Good point @kellijohnson-NOAA. I think a few of the age inclusion/exclusions are already in place as well.

North model takes about 20 minutes with -nohess -cbs 1500000000 and we have 26 sensitivities on the list, so by my math, that's < 9 hours to run them all and some have been run already. The south model will be faster and I can run at least 3 groups at once, so should have all results by the end of today. I think that makes more sense than trying to divide up among different people. Let me know if this doesn't make sense.

I can work on creating the summary figures and tables for groups of them after they finish and don't need to wait for the full set.
In the past I've created csv files for tables of sensitivity results like this https://github.com/iantaylor-NOAA/BigSkate_Doc/blob/master/txt_files/Sensitivities_bio.csv.
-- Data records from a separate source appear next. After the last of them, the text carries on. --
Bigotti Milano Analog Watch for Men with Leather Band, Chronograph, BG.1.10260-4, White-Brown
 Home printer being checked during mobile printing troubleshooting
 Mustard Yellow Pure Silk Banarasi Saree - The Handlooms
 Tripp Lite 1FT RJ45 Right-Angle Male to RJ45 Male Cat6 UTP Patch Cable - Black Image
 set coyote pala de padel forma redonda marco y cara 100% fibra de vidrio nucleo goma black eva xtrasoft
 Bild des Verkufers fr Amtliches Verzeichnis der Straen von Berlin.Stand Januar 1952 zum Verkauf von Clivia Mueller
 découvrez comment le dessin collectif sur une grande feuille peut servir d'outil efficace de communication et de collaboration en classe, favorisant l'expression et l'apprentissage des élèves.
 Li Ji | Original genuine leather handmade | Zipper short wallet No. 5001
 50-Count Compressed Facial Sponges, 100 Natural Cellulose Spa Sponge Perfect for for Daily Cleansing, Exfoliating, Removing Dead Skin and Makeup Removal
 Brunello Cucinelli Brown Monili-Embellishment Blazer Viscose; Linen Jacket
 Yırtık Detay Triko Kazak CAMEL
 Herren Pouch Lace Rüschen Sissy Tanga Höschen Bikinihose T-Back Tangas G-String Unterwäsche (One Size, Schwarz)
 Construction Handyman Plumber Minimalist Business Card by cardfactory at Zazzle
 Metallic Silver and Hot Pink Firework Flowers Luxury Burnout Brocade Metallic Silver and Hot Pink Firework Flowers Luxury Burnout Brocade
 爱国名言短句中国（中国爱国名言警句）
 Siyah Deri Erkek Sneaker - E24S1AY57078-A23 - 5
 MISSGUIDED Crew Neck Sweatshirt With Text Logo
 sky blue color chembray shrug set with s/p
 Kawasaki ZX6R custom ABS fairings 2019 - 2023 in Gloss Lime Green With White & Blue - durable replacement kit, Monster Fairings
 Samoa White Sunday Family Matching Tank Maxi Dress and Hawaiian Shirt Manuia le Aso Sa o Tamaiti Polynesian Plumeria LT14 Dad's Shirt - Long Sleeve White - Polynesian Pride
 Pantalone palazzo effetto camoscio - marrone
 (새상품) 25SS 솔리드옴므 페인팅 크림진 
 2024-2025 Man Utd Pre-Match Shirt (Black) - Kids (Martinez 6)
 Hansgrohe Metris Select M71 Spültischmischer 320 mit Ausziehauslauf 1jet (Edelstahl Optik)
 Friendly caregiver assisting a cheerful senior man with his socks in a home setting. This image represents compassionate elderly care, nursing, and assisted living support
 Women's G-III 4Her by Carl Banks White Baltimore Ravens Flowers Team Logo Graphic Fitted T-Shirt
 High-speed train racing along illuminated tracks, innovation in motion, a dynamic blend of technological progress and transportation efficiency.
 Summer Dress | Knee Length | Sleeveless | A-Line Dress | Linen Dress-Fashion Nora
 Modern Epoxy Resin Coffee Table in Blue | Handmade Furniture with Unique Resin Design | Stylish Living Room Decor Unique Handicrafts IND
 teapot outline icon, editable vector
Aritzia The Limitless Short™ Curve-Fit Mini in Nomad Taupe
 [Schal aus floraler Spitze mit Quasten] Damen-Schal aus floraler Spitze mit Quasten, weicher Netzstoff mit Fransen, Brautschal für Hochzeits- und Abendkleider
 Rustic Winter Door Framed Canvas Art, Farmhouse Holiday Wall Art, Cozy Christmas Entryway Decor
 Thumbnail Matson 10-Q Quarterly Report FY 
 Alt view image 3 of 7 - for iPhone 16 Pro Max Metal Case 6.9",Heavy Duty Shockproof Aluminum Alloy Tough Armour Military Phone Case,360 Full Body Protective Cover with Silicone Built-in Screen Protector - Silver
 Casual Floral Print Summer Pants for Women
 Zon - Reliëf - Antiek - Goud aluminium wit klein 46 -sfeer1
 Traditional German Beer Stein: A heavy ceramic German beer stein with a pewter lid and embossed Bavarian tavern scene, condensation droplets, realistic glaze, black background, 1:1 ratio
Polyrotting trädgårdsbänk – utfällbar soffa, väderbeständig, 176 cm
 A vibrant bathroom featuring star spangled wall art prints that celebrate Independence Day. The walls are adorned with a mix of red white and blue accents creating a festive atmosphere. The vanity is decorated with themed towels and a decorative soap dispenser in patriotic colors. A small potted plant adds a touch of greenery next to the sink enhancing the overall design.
Can someone point me to an example of how I should use kable instead?

@kellijohnson-NOAA
Copy link
Collaborator

Do you still need me to parse the ones with code in the column?
The csv is great, we will just use kableExtra::kbl() on the csv file. I can create a function table_sens that does it.

@iantaylor-NOAA
Copy link
Collaborator Author

Sounds good. Don't worry about parsing the extra column. For this year, I'll just take the 30 seconds to edit the files by hand.

@kellijohnson-NOAA
Copy link
Collaborator

Too late, I was already down the rabbit hole ...

mapply(function(x) eval(parse(text=gsub('\"', "", x))), sens_table[["INIT"]],SIMPLIFY = FALSE)

iantaylor-NOAA added a commit that referenced this issue Jun 25, 2021
@iantaylor-NOAA
Copy link
Collaborator Author

Took too long, but finally the automated sensitivity running is running for north and south models. I forgot to skip the redundant h0.7 case, but can kill it when it gets there and continue with the rest using type = "sens_run" only.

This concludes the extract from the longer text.